Monday, October 24, 2016

Writing about the Devil isn’t lunacy – it’s the purest realism

Italian exorcist Fr Gabriele Amorth, who died last month, in his office in Rome in 2012 (PA)How do you write about the Devil without sounding like a lunatic? 

The answer is to be straightforward about one’s faith and the great truths that flow from it. 

It so happens that two articles in the Catholic Herald of September 30 did just this. 

In Omnium Gatherum, Fr John Zuhlsdorf says straight out, “The Devil and fallen angels are real, personal beings. There’s nothing cute about them. And they hate God, themselves and you.”

In the same edition Pastor Iuventus, whose regular columns always inspire reflection, refers to Fr Gabriele Amorth, the late famous Roman exorcist, pointing out to readers that he “did the Church and the world a great service in reminding them that evil is real and it is personal. It is not merely some kind of projection of my own “dark side”… When one experiences the reality of such presences stripped of the glamour with which popular culture surrounds it, it is horrible and frightening.”

I have also been reading the last book written by Fr Amorth, An Exorcist explains the Demonic, published not long before the author’s death on 16 September. Unlike his earlier books, which can seem – at least to a modern sensibility – rather melodramatic, Amorth is anxious to “discourage the temptation to sensationalism.”

Writing in an almost dry and legalistic way, he relates that for Satanists there are three basic principles: you can do all that you wish; no-one has the right to command you; you are your own god. Haven’t we all met people like that? They would never describe themselves as “Satanists” but that is their basic philosophy of life.

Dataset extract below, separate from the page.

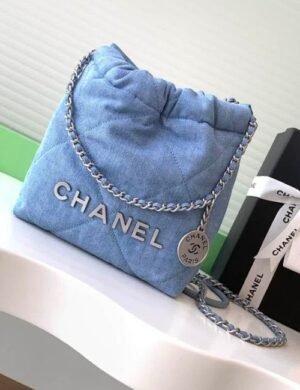 Chanel Quilted Chain Shoulder Bag - Image 1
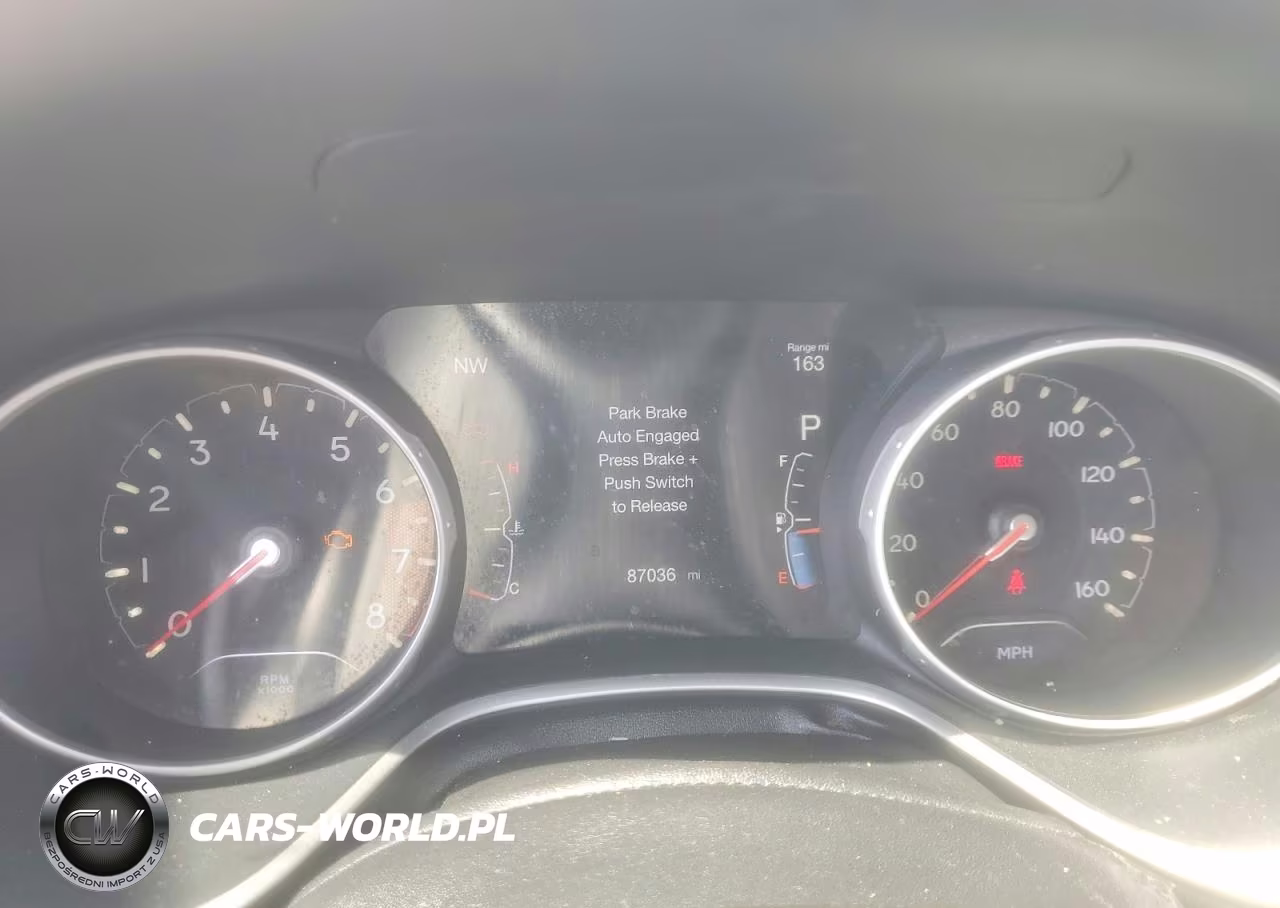 2018 Jeep Compass Latitude VIN:3C4NJDBB0JT270889 - 9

Amorth also mentions the temptation to slip into magical thinking, i.e. treating prayers like spells which will deliver our requests after careful ritualistic practices. I have met people like that too. He warns against certain forms of rock music, thinking “white magic” is good, bad friends and dabbling in spiritualism and séances. Where faith disappears, he remarks, “One abandons himself to superstition and occultism.”

Soon it will be Halloween. 

Our local village shop, like everywhere else, is awash with ghoulish fancy dress paraphernalia. 

That, according to Fr Amorth, is just as the Devil likes it; he is “content when…people consider him solely a medieval relic.” 

He is not. 

To paraphrase the writer Flannery O’Connor (quoted by poet Sally Read in my last blog), life is “about the salvation or damnation of the soul” – even if the Nobel Prize for Literature doesn’t always reflect this.